Hey guys I was looking to get in to some shark fishing from the beach. Would a Penn Fathom Star Drag reel be a good choice for surf fishing? If not what are your suggestions?


----------



## kbush (Apr 5, 2009)

Just getting into surf fishing myself and have been reading reviews on various reels. I have a Penn Captiva that just bit the dust and now know why it is called the craptiva. I have seen a lot of good reports on the Penn Battle and Spinfisher models. I just bought an Okuma Epixor to replace the craptiva. Just neet to spool it with some big game and hit the beach tbis weekend. There were good reviews on the Okuma at Cabellas site, 45 of 50 results would reccomend.


----------



## Pompano Joe (Jan 28, 2009)

Looks like a good big fish choice, IMHO. Full metal body, centrifugal brake for casting, big braid capacity in the medium to larger reels. If you plan to cast instead of YAK your baits out, might consider the Squall. It's lighter and has a magnetic brake, but also has a little less drag. It's always a tradeoff.

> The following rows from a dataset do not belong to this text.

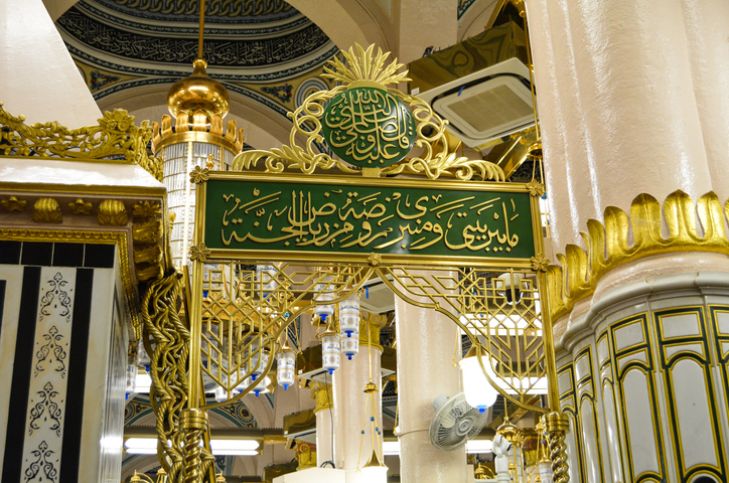 5 Nights December Umrah Package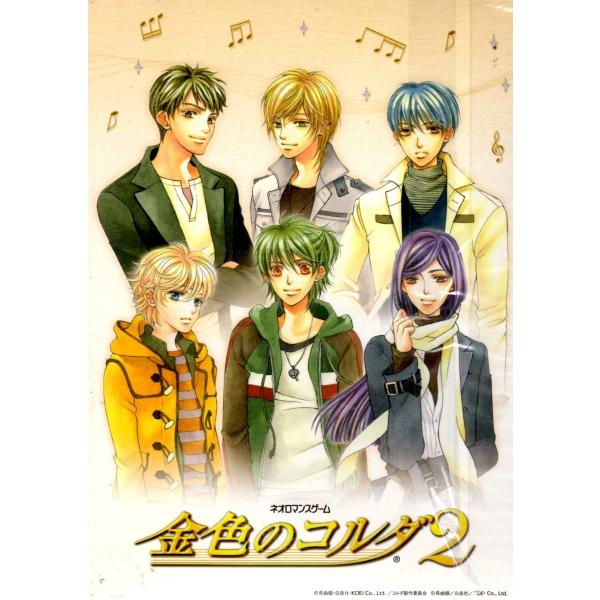 PS2 金色のコルダ２ 【中古】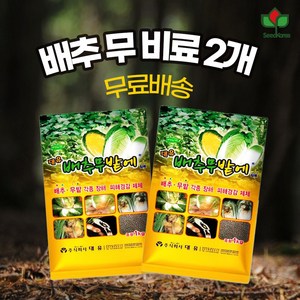 배추무밭에1kg 배추 무 전용 밑거름 퇴비 비료 병해충예방 살균 속썩음병 노균병 무름병 붕소 칼슘 결핍증 해결, 2개, 1kg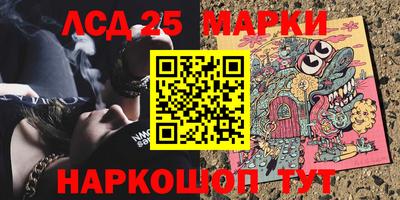 мефедрон Кулебаки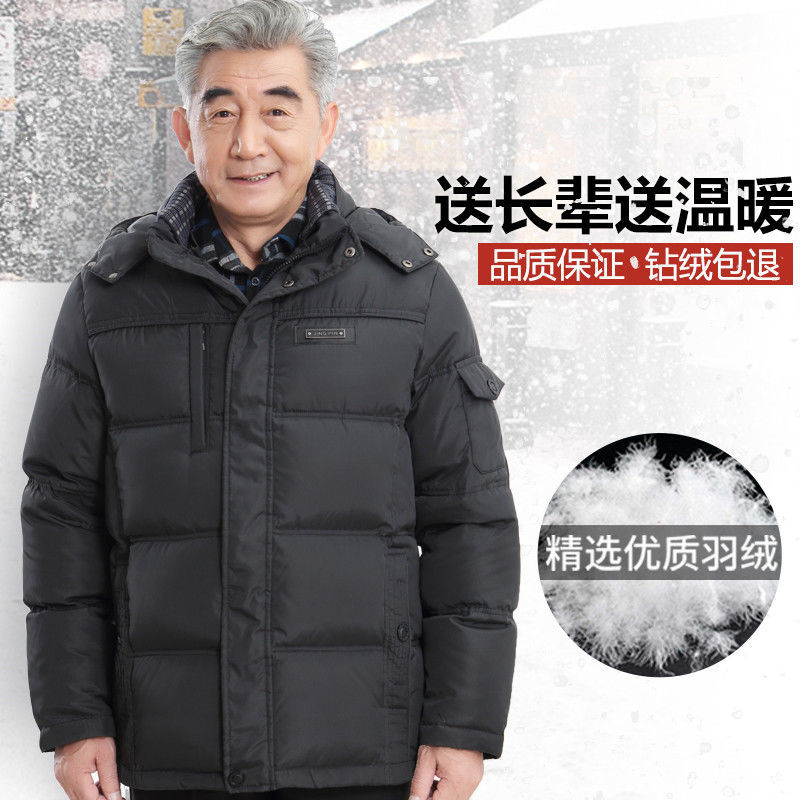 波司澄爸爸爷爷款羽绒服加厚男士冬装外套中老年人中年老人父亲冬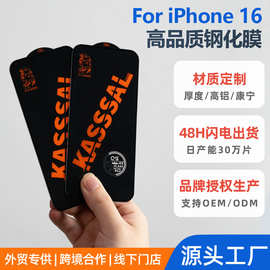 适用iphone15手机钢化膜中铝高清13promax丝印12全屏xr苹果16防滑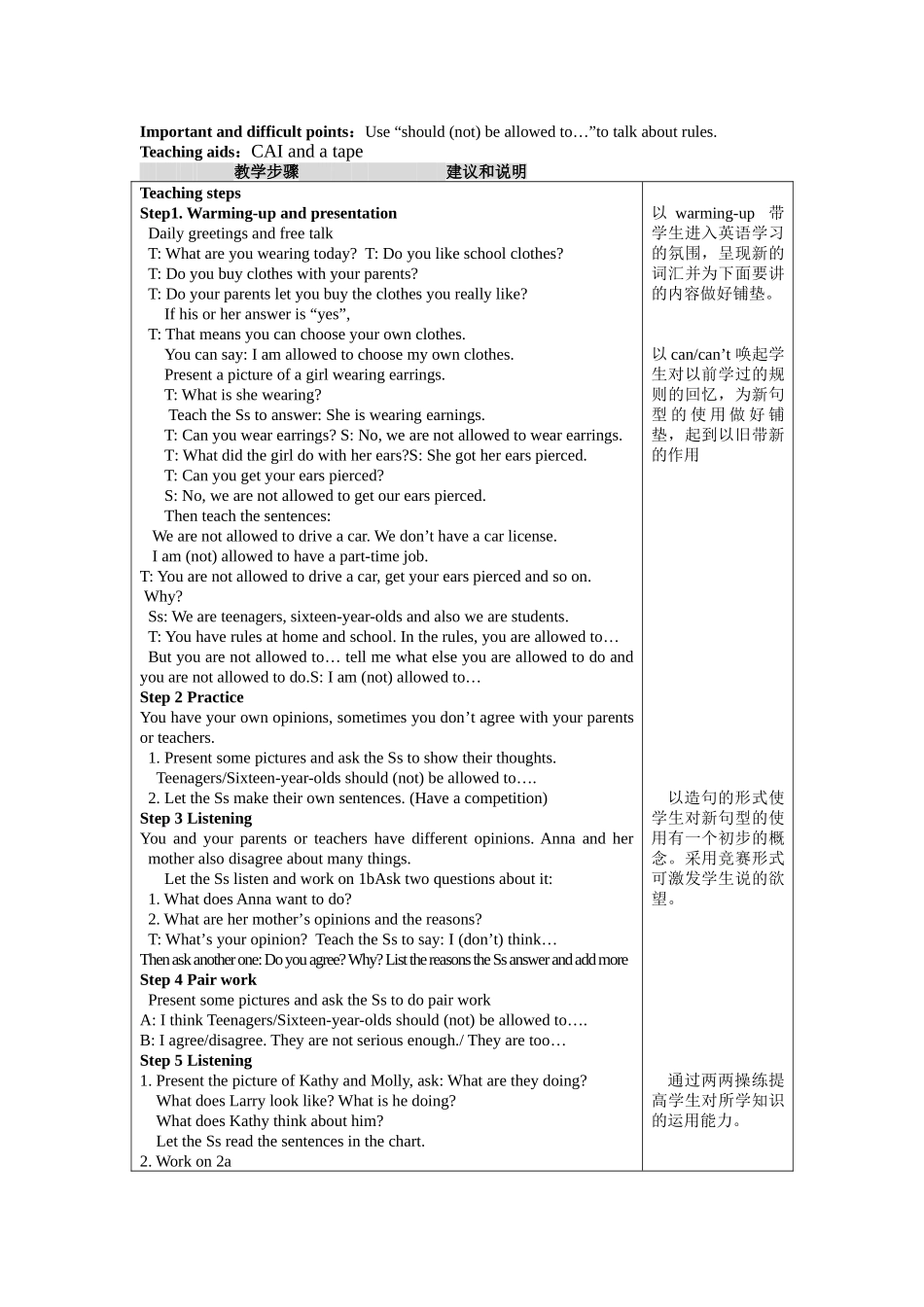 人教九年级Unit3_teenagers_should_be_allowed_to_choose_their_own_clothes_全套教案(精品)_第2页
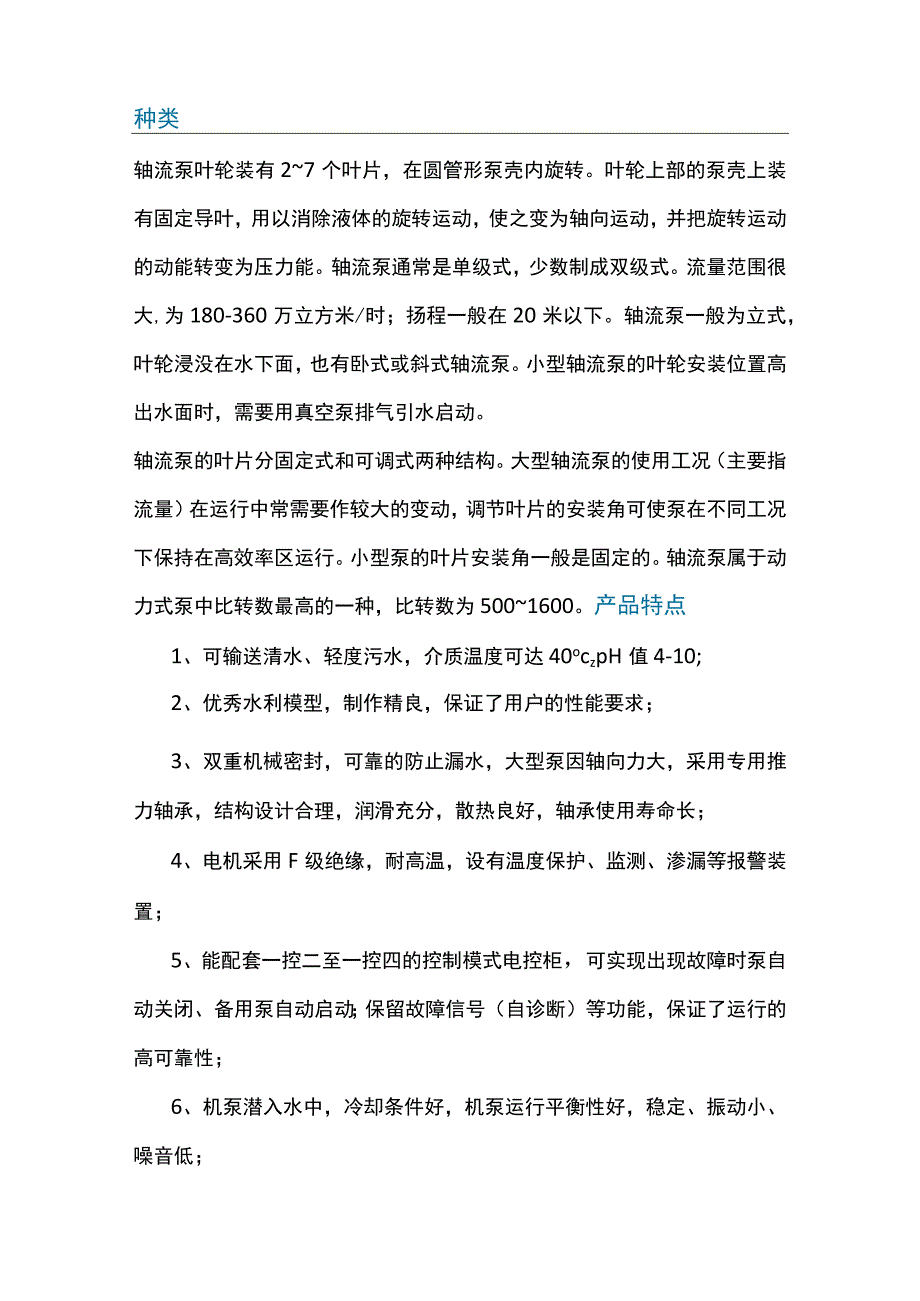 轴流泵基础知识大全.docx_第3页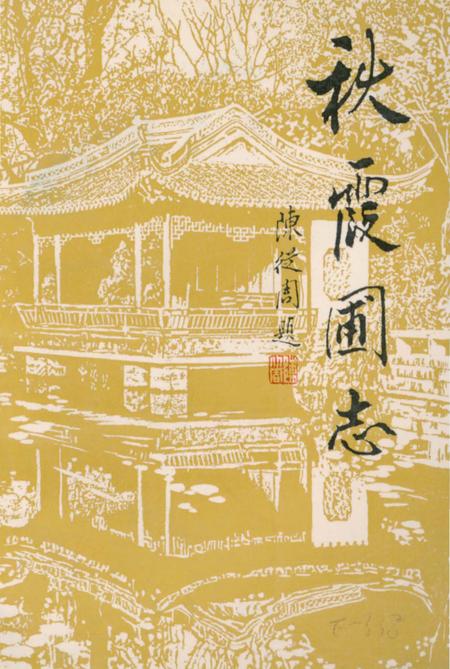 《秋霞圃志》.pdf_上海市志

If I were YAKing baits out, I'd definitely a different direction. Probably a bigger/heavier reel for additional spool capacity and drag. Hope that helps. Good luck!


----------



## kbush (Apr 5, 2009)

Pompano Joe said:


> Looks like a good big fish choice, IMHO. Full metal body, centrifugal brake for casting, big braid capacity in the medium to larger reels. If you plan to cast instead of YAK your baits out, might consider the Squall. It's lighter and has a magnetic brake, but also has a little less drag. It's always a tradeoff. If I were YAKing baits out, I'd definitely a different direction. Probably a bigger/heavier reel for additional spool capacity and drag. Hope that helps. Good luck!


Dohh, I didn't realize the OP was talking about a conventional reel. Guess I had spinning reels on my brain. Ignore what I said...


----------